To answer your question, yes, the part number is on the CHT.
Joe Bob
I got a few of the resistors from RadioCrap.....a 200 and a 100 and then a bunch of 20s.....kept adding until it was where I wanted it....
ne14914
so this pretty much sums it up huh-

the cylinder head temperature. I will go to Pelican tomorrow and pick one up.

Thanks.
Aaron Cox
hey NE14914,
are you going to the pomona swap this sun? cool_shades.gif
914werke
Mike that is why for the potentiometer! Once installed you can *dial* it in.

rolleyes.gif
Bleyseng
A 1.7L doesn't need a ballast resistor only the 73 2.0L.
If the car is running great cold and runs like crap warm I think its running rich. Check the plugs for a reading to see. Your MPS could be starting to leak due to cracks, as it warms up it goes richer. Put a vacuum gauge on to see if it holds a 15hg vacuum for 5 minutes. If it slowly leaks down its going, if it drops like a rock its toast.
Geoff
need4speed
Wait, wouldn't it be leaner if it got hot?
ne14914
QUOTE(acox914 @ May 29 2003, 07:41 PM)
hey NE14914,
are you going to the pomona swap this sun? cool_shades.gif

QUOTE
hey NE14914,
are you going to the pomona swap this sun? cool_shades.gif


Yes Ill Be there - Hope you get this thread. I have a limesh Green Teener.

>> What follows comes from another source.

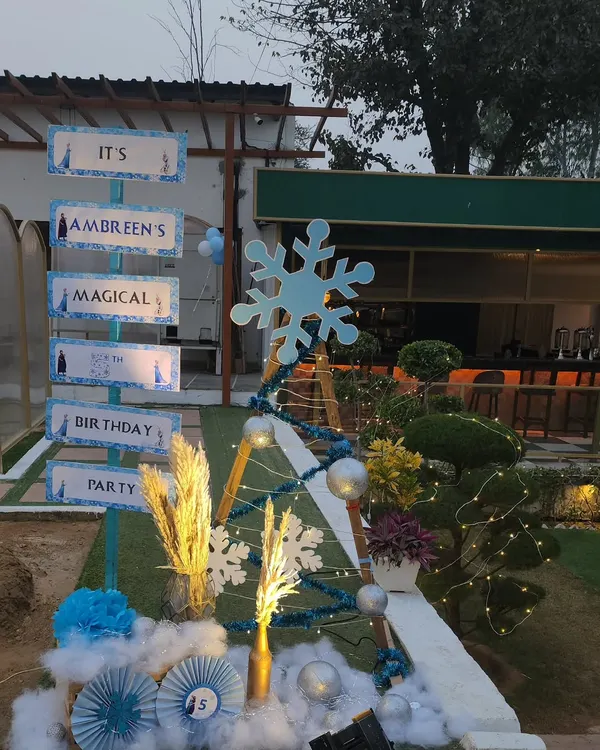 A creative directional sign for a Frozen-themed birthday party. The sign is styled to look like a snowy signpost from Arendelle, guiding guests to "Ambreen's Magical Birthday Party."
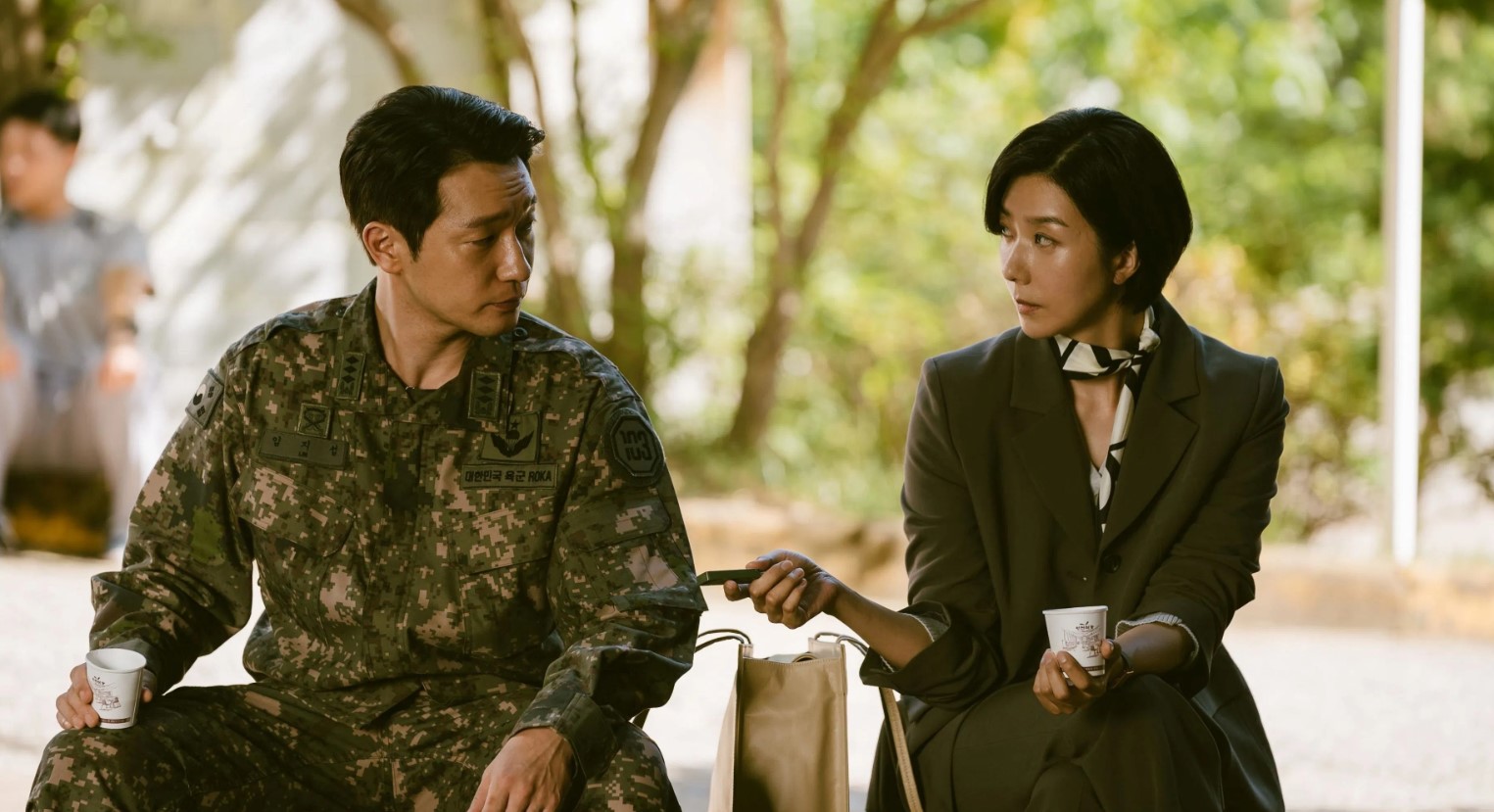 Scene from D.P. season 2 showing a soldier in uniform sitting with a woman in formal attire, having an intense conversation in a peaceful outdoor setting. The woman is handing the soldier her phone, with both characters conveying emotions of curiosity and tension. Background features blurred greenery, creating a calm yet dramatic atmosphere.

Will be looking for you guys ....
Bleyseng
If the MPS is starting to go the "loss" of vacuum is read to go richer.
High vacuum is 15hg which you have at idle, that vacuum pulls the diaphram against the idle stop.
No vacuum is at Wot and that read as full rich.
So loss of vacuum makes the MPS read richer...
Car is cold when starting up and needs the mix to be richer then it get hot and the mix should be leaner.